What the hell is wrong with you?
*
By the time he had claimed his bags and rented a car (an unassuming Toyota Camry in burgundy), Bobby was exhausted. He made his way north on I-5 toward the city. No matter how much he traveled, or how far, he never ceased to be amazed at how draining simply sitting for several hours in a confined space could be. Add that to the trauma of losing a parent, and he supposed it made a great deal of sense that he was tired, that his eyelids burned, aching with their need for slumber. Or maybe what he really wanted was oblivion.
As Seattle’s skyline came into view with its iconic Space Needle, Bobby wondered what kind of scene awaited him at home. Instead of the warm feeling of homecoming he thought he should be having, Bobby experienced only anxiety as he spotted the familiar landmarks, the Sound, the shipyards, the city, now grown even larger with new skyscrapers he’d never seen and the addition of Safeco Field. Bobby gripped the steering wheel tighter to compensate for the sweat seeping now from his palms. Again he was seized with an urgency to take the next exit, turn around, head back to the airport, and hop the next plane bound for Chicago.
But he couldn’t do that. He had a funeral to attend and a grieving mother to comfort.
Home.
There was that word again. Bobby felt a pang in his heart because he wasn’t really sure if he could define the word, especially not now, not this afternoon, as he headed toward a condo his parents had bought after Bobby had moved away from the “Emerald City” to set himself up in the “Windy City” some ten years ago.

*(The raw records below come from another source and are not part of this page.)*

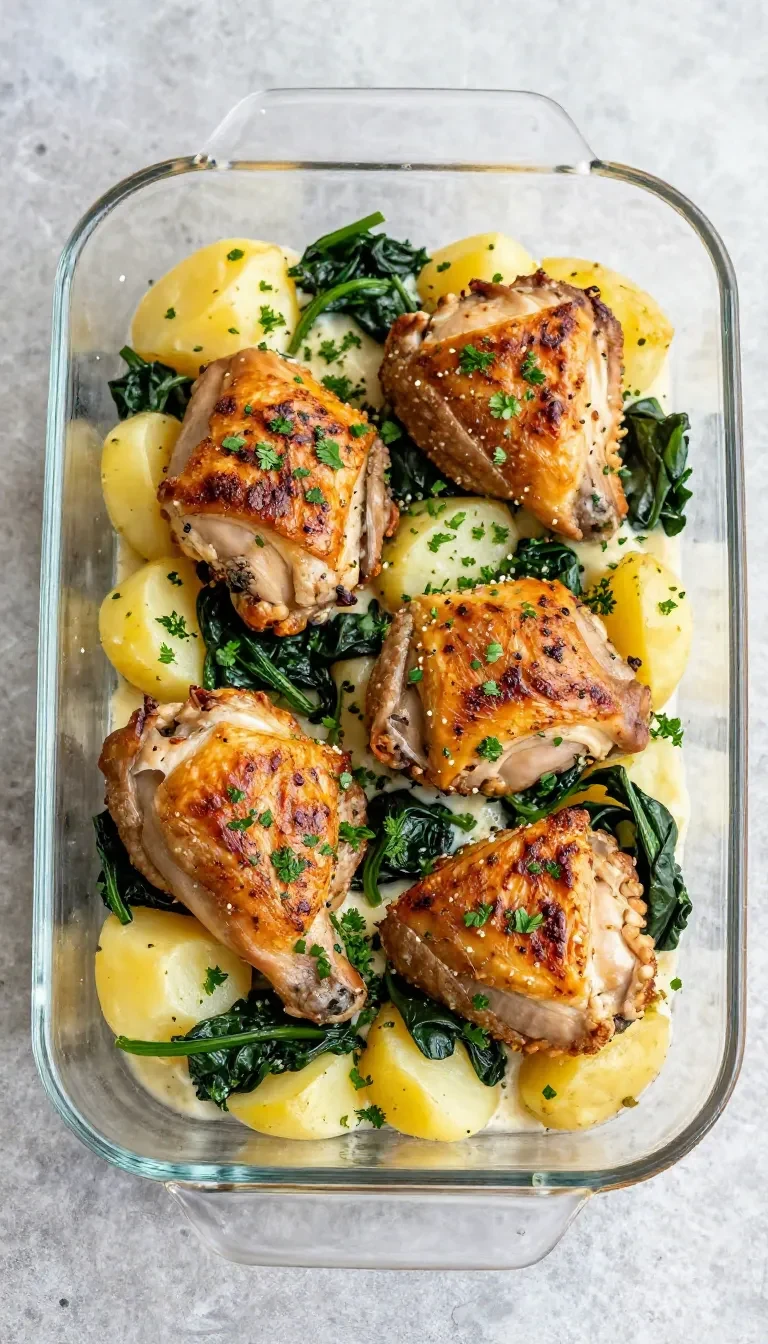 A close-up of roasted chicken and potatoes topped with garlic parmesan cream sauce on a white plate.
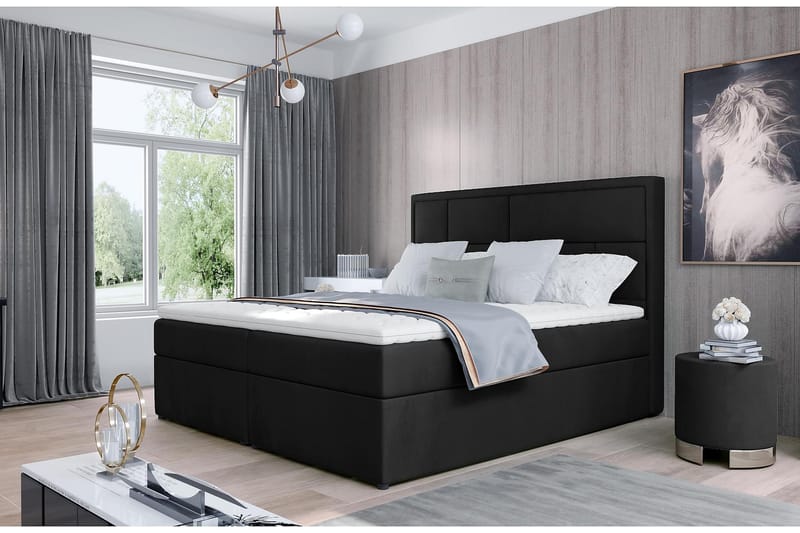 Emeron Sengepakke 180x200 cm - Svart - Møbler - Senger - Komplett sengepakke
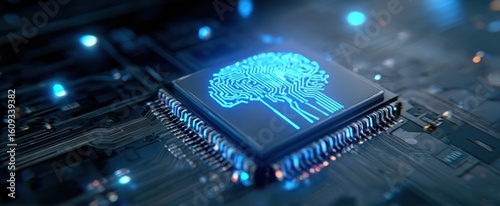 Fotografia The microchip showcasing advanced neural network design and technology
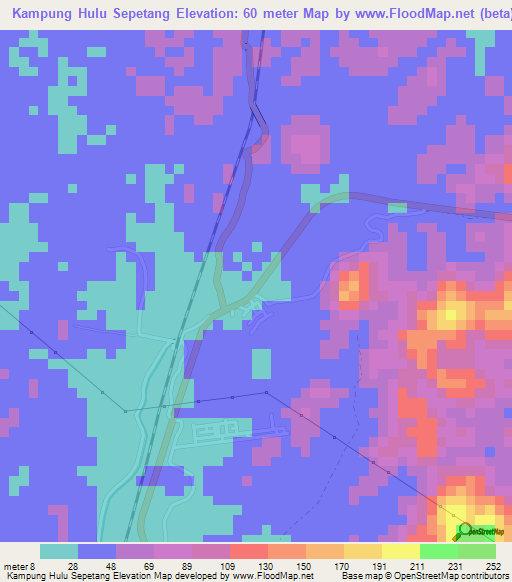 Kampung Hulu Sepetang,Malaysia Elevation Map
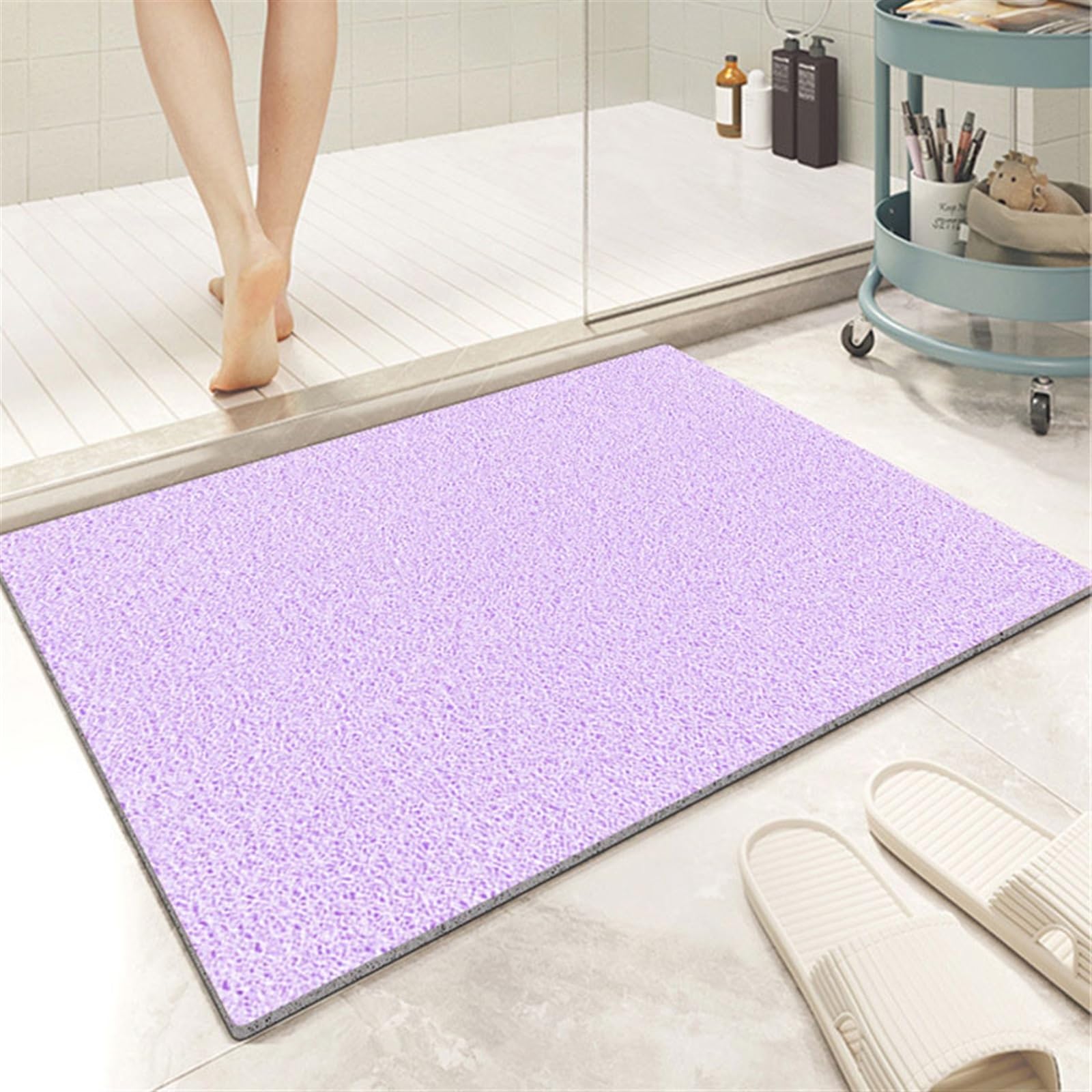 Bezpieczna mata pod prysznic, antypoślizgowa mata prysznicowa, maty ochronne pod prysznic, antypoślizgowe dla seniorów (fioletowa, 80 x 120 cm)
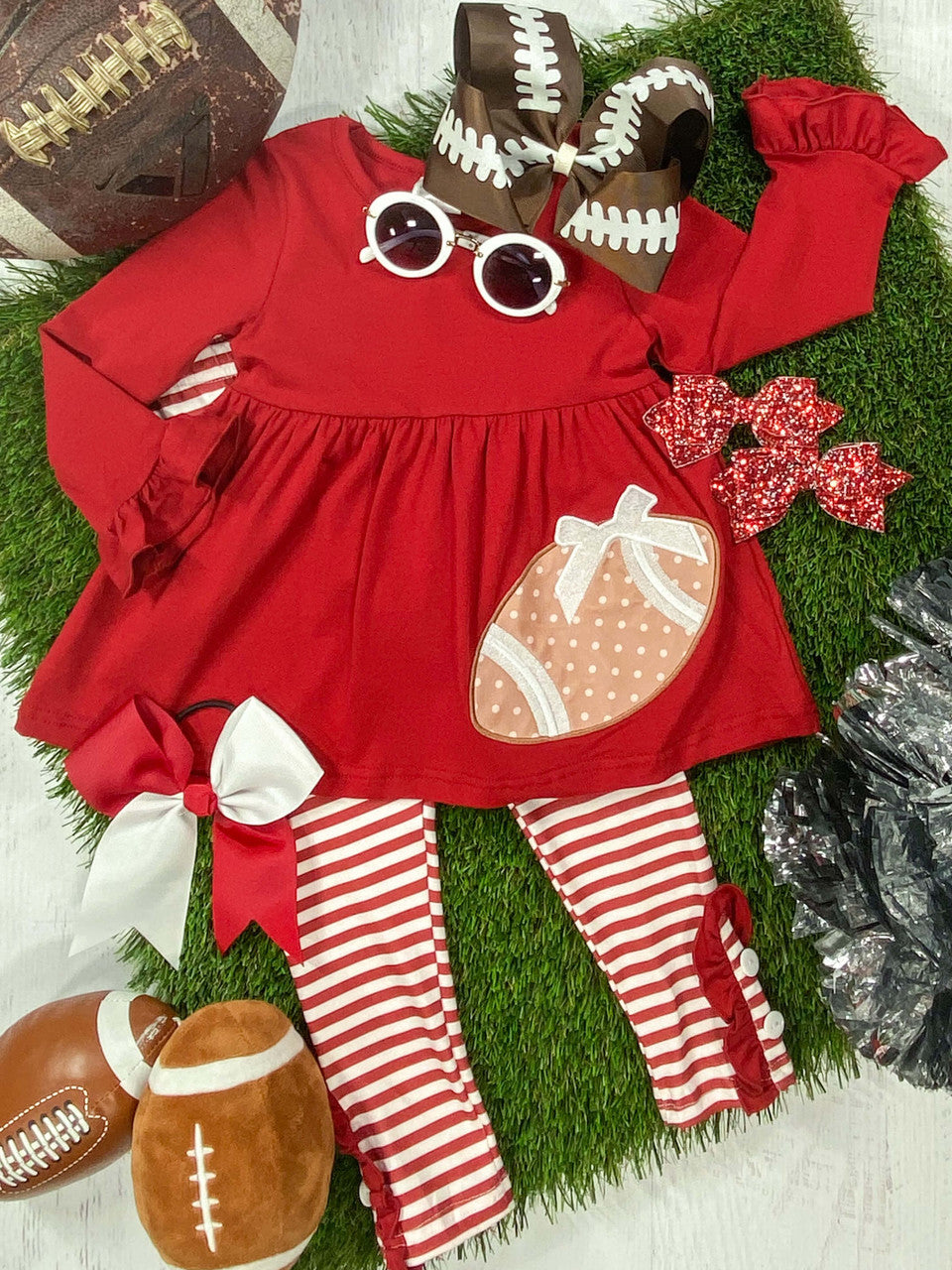 preorder GLP1589 football red long sleeve red striped pants girls set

Had it been that long? Bobby shook his head, knowing it had. There was always one reason or another not to make it back here. Work. More work. A long-planned vacation. A short-lived boyfriend who wanted to spend Christmas in Palm Springs. Another short-lived boyfriend… Another…
And, really, this “home” to which he was headed was a place he had never even set foot in. Bobby had grown up in the airy hilltop neighborhood known as Queen Anne, in a red-brick house overlooking not only downtown and the Needle but Puget Sound as well. When his parents had sold the five-bedroom Georgian-style home back in 2006, just before the real estate bubble had burst, they had made nearly two million dollars on the sale.
Bobby wondered briefly who now lived in his old house.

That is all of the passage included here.